- Data under study -
* * * * *
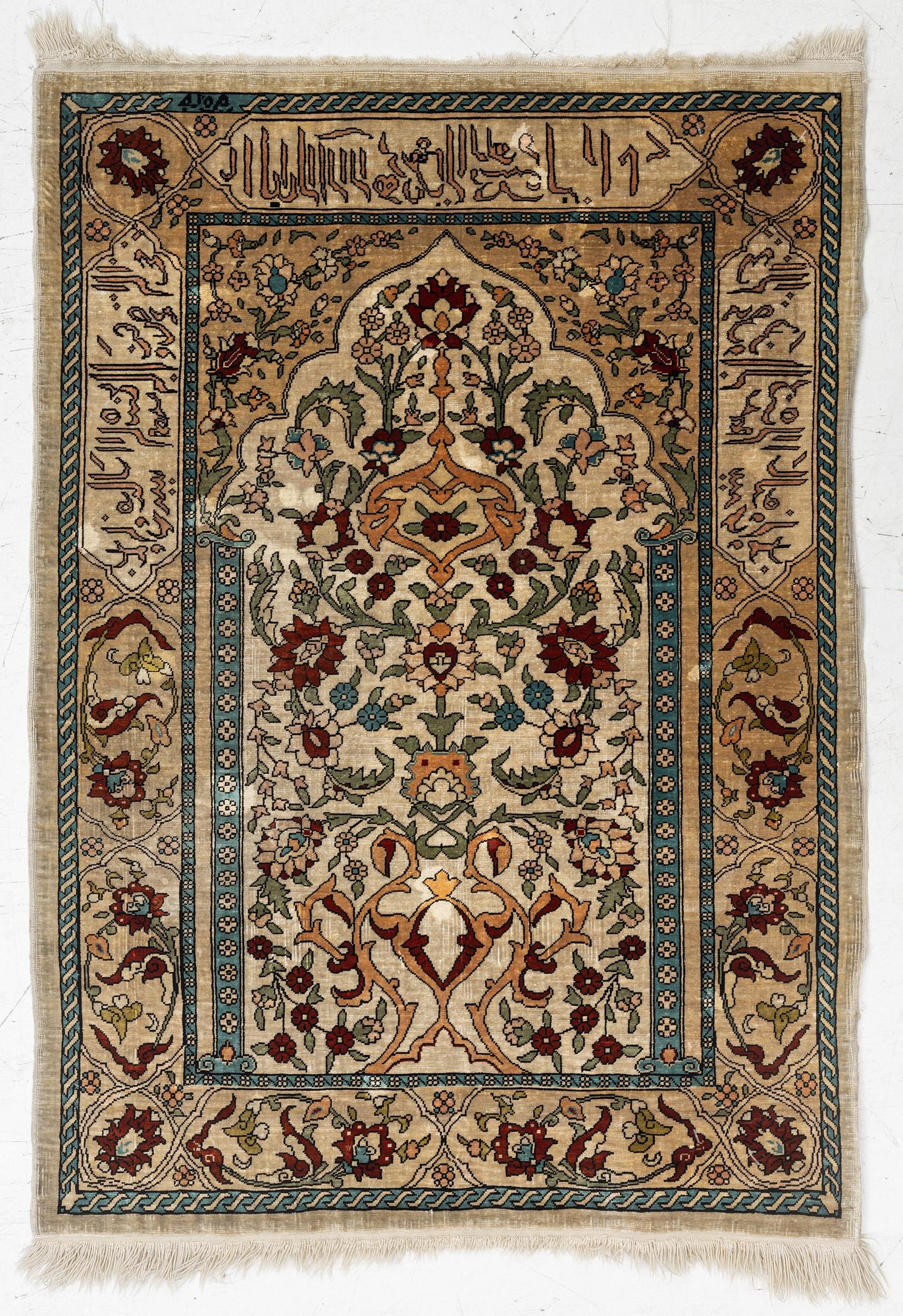 A Hereke silk rug, c. 73 x 52 cm.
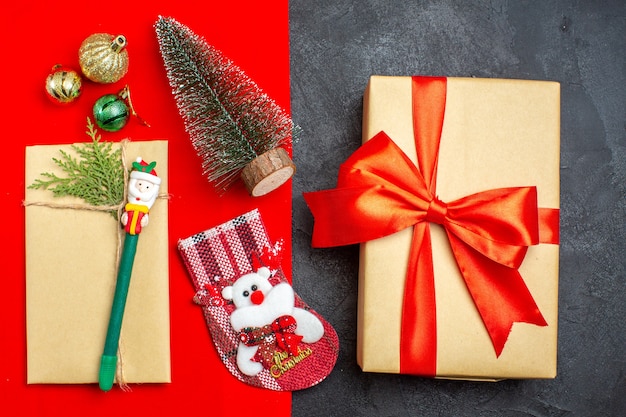 Vista anterior del estado de ánimo navideño con accesorios de decoración de árbol de navidad calcetín de regalo sobre fondo rojo y negro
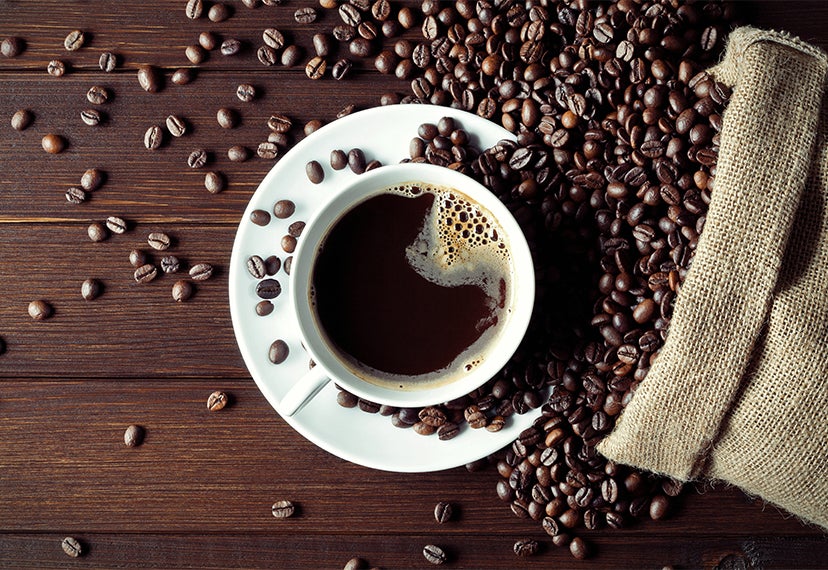 Image of a coffee cup resting on a wood table strewn with coffee bean. The cup is filled with coffee surrounded by coffee ben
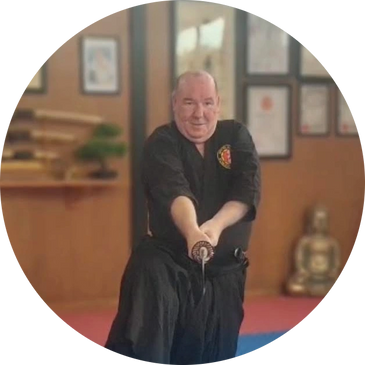 A man practicing martial arts with a sword indoors.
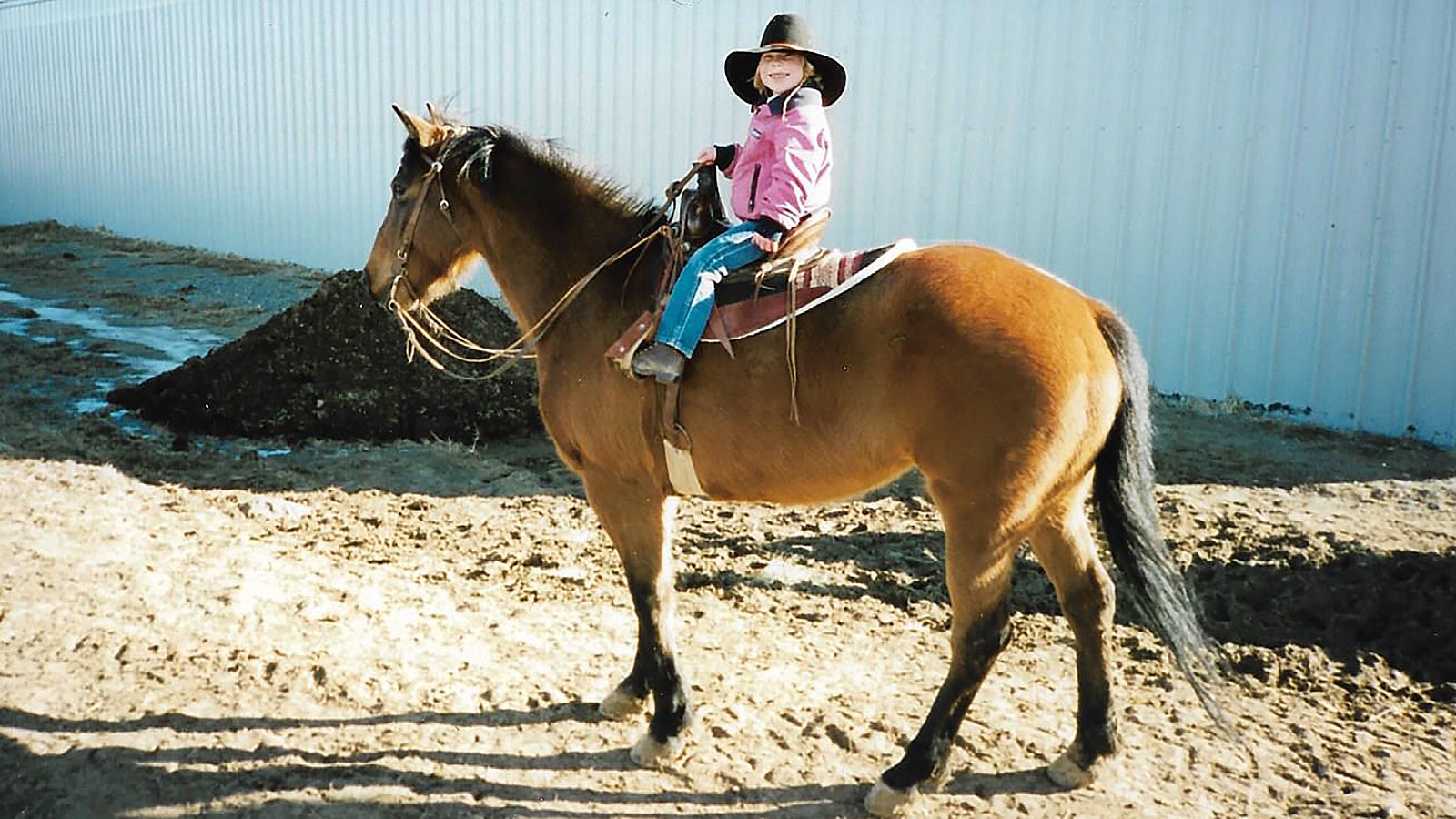 Cathy and Von Ringler raised their daughters on horseback where Cathy would tell her girls stories to keep them entertained. Her daughter, Ashley, is riding the family horse, Cheyenne.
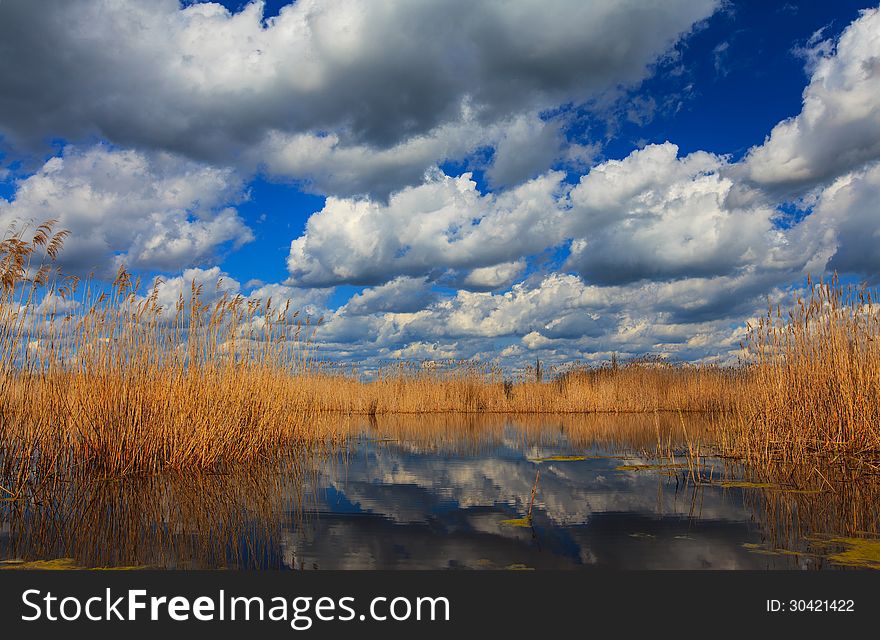 Dramatic Storm Sky And Ominous Clouds Over Lake In April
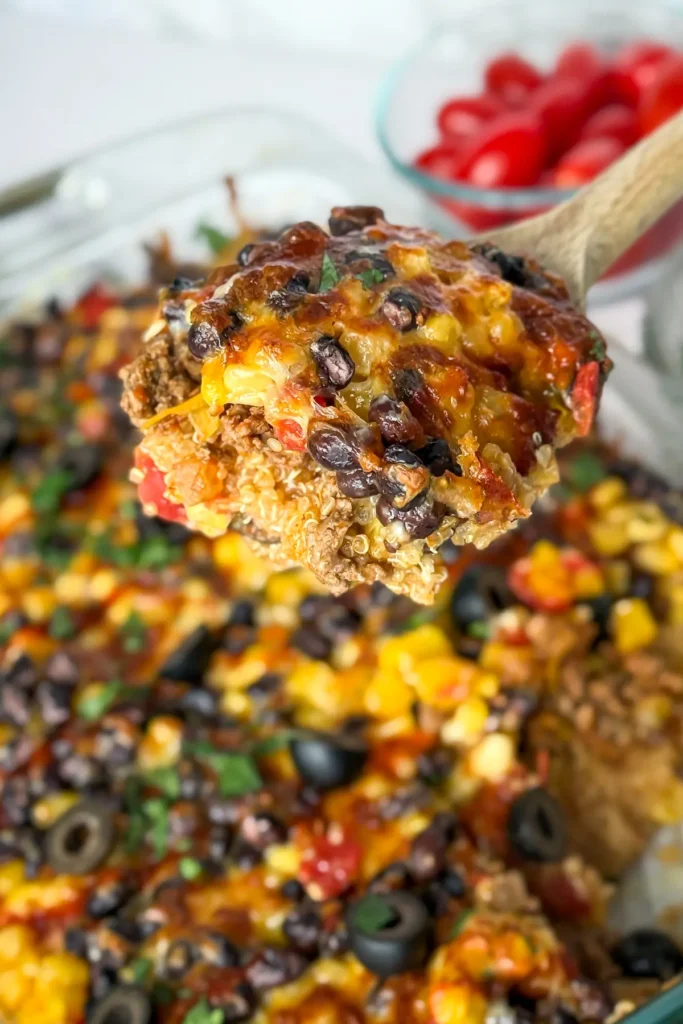 A close-up of a big spoonful of the Mexican quinoa casserole (on a wooden spoon) being held over the casserole on a counter.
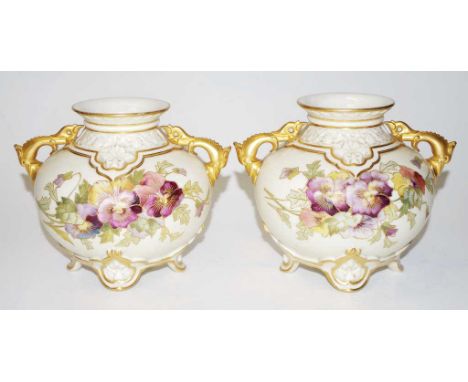 Pair of Royal Worcester blush ivory vases with handpainted pansy decoration, ornate gilt dolphin handles, on four feet. Circa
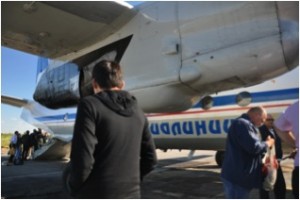 Self-unloading cargo and luggage from the Antonov AN-26-100 at Yakutsk airport. Luggage is strictly limited to 20kg per person and every spare gram is filled with frozen fish (Chir), being the heaviest part of the luggage (Photo: L. Schaepman, July 2013).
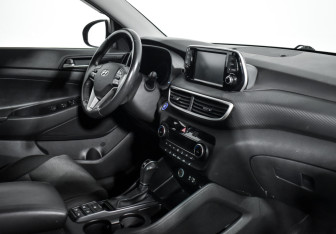 Подержанный автомобиль Hyundai Tucson 2018 года (13 фото)
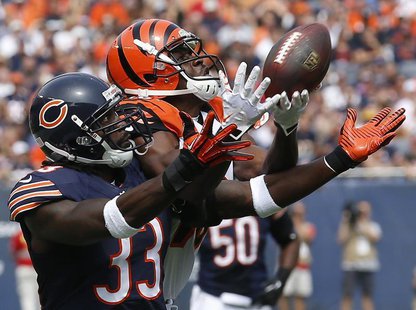 Cincinnati Bengals' Andrew Hawkins (R) makes a catch against Chicago Bears' Charles Tillman during the first quarter of their NFL football g Cincinnati Bengals' Andrew Hawkins (R) makes a catch against Chicago Bears' Charles Tillman during the first quarter of their NFL football g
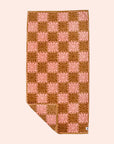 On a cream background is a pink and burnt orange bath/beach towel with a wavy floral checker design in each of the squares.
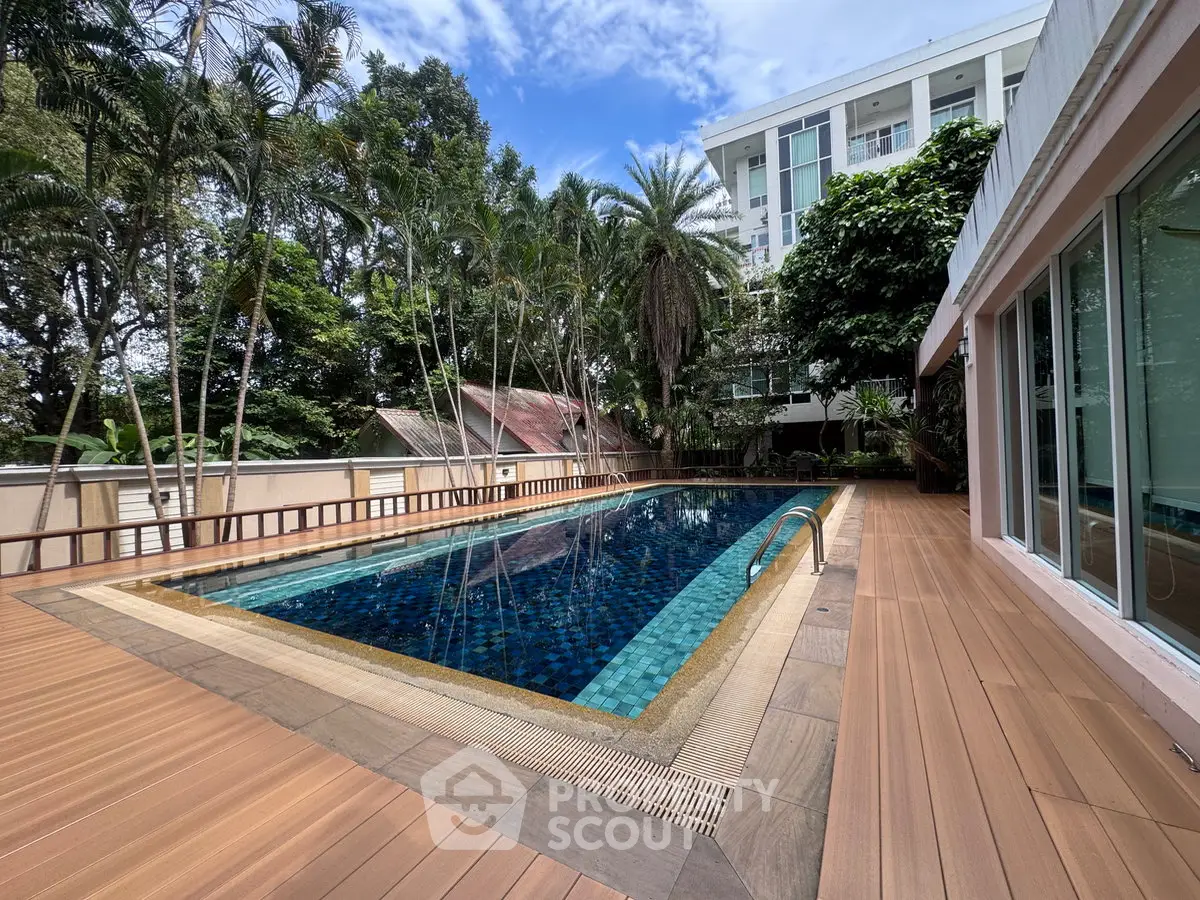 Luxurious outdoor pool area with lush greenery and modern building backdrop, perfect for relaxation and leisure.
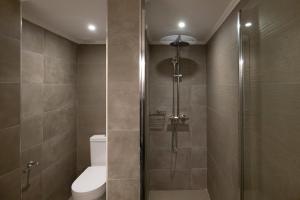 La salle de bains est pourvue de toilettes et d'une douche en verre. dans l'établissement Grammata Suites, à Ermoúpoli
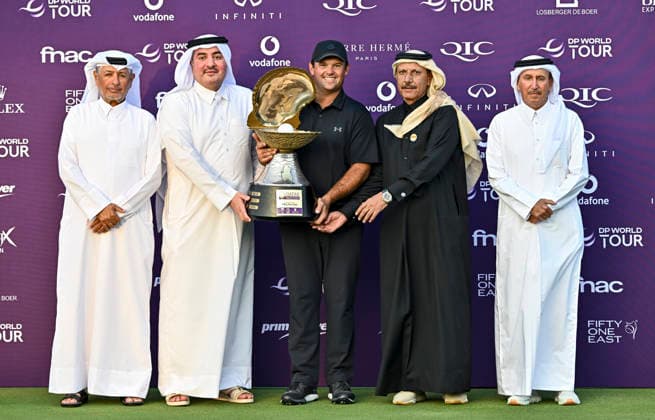 Qatar Masters 2026 - Day Four Patrick Reed of the United States poses with the trophy alongside officials after winning on day four of the Qatar Masters 2026 golf tournament at the Doha Golf Club in Doha, Qatar, on February 8, 2026. Doha Qatar Copyright: xNOUSHADx 776441069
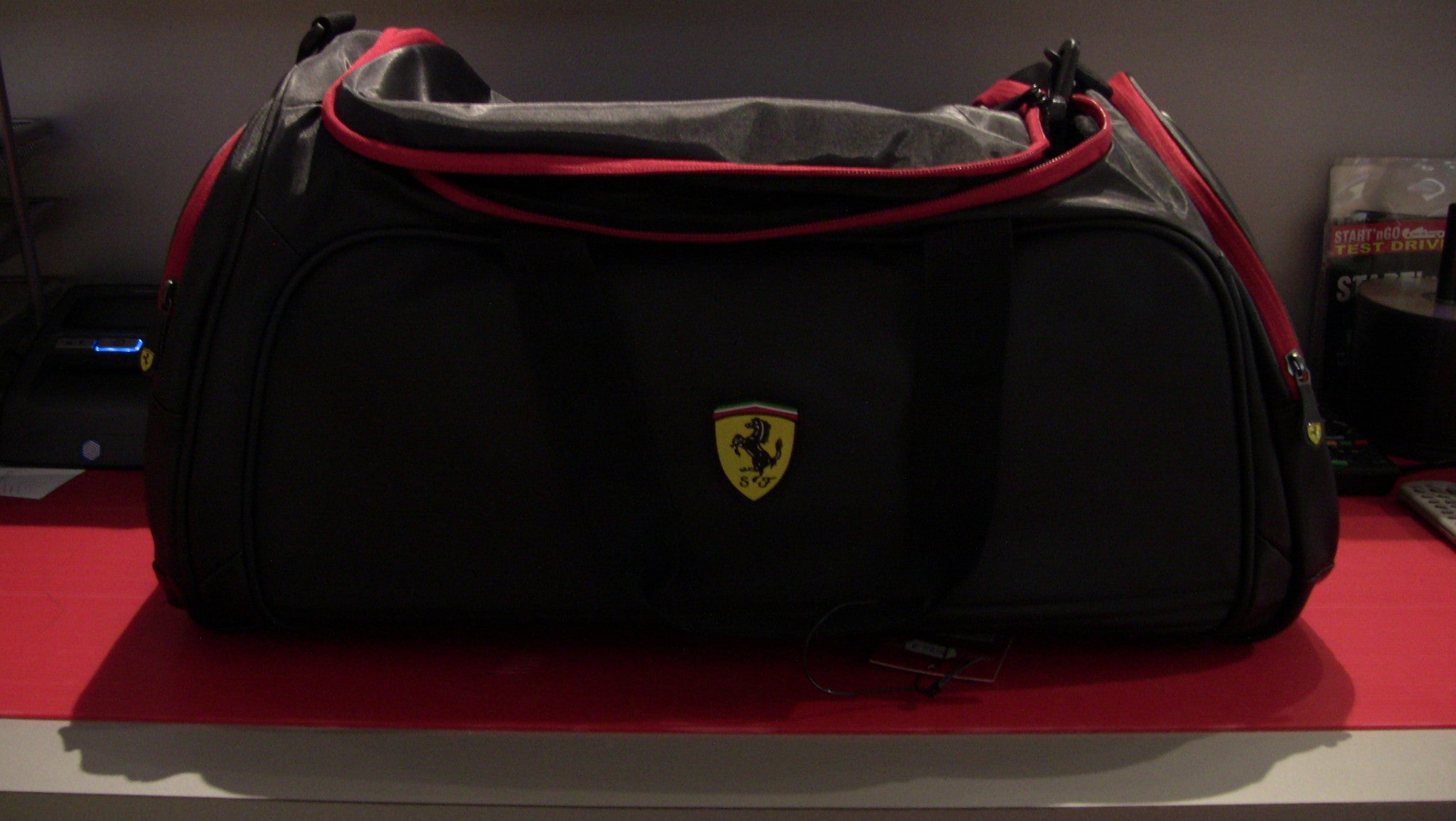 red ferrari bag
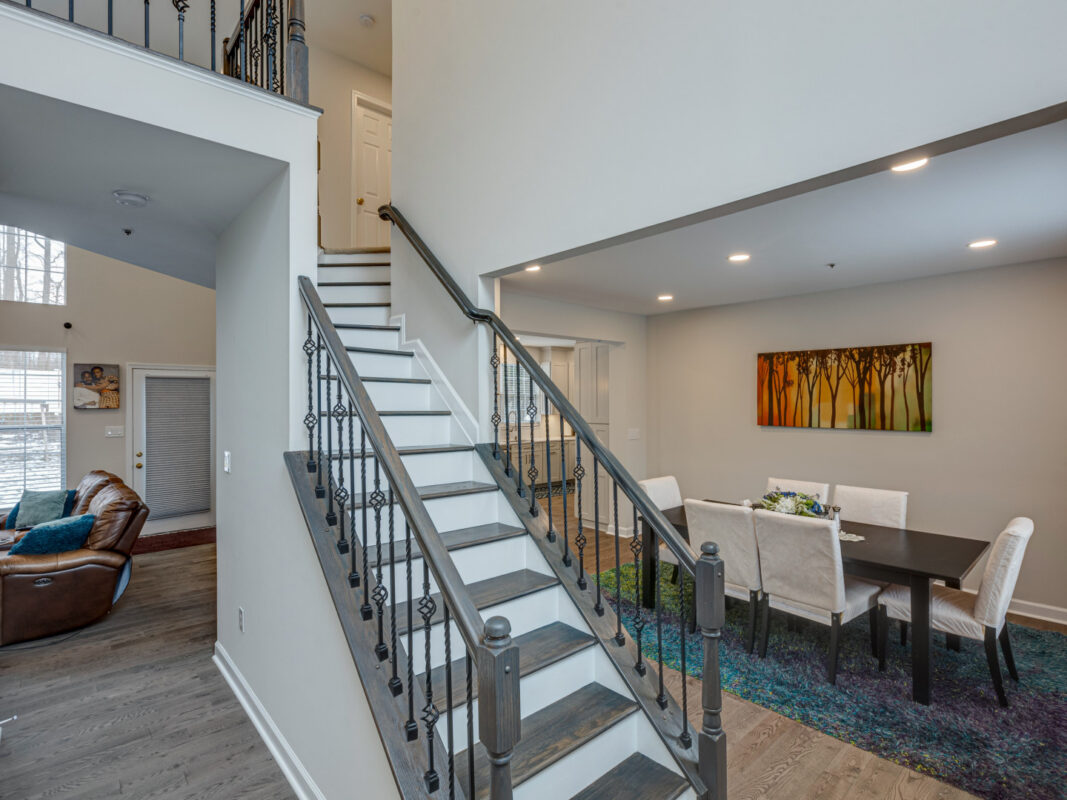 Remodeled entry with staircase, iron balusters and open dining room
* * * * *
- What to do -
Only the lines from the start of the records to the one containing "Pair of Royal" should be repeated, exactly and with both ends kept; drop any pictures.

- Task solution -
 A Hereke silk rug, c. 73 x 52 cm.
 Vista anterior del estado de ánimo navideño con accesorios de decoración de árbol de navidad calcetín de regalo sobre fondo rojo y negro
 Image of a coffee cup resting on a wood table strewn with coffee bean. The cup is filled with coffee surrounded by coffee ben
 A man practicing martial arts with a sword indoors.
 Cathy and Von Ringler raised their daughters on horseback where Cathy would tell her girls stories to keep them entertained. Her daughter, Ashley, is riding the family horse, Cheyenne.
 Dramatic Storm Sky And Ominous Clouds Over Lake In April
 A close-up of a big spoonful of the Mexican quinoa casserole (on a wooden spoon) being held over the casserole on a counter.
 Pair of Royal Worcester blush ivory vases with handpainted pansy decoration, ornate gilt dolphin handles, on four feet. Circa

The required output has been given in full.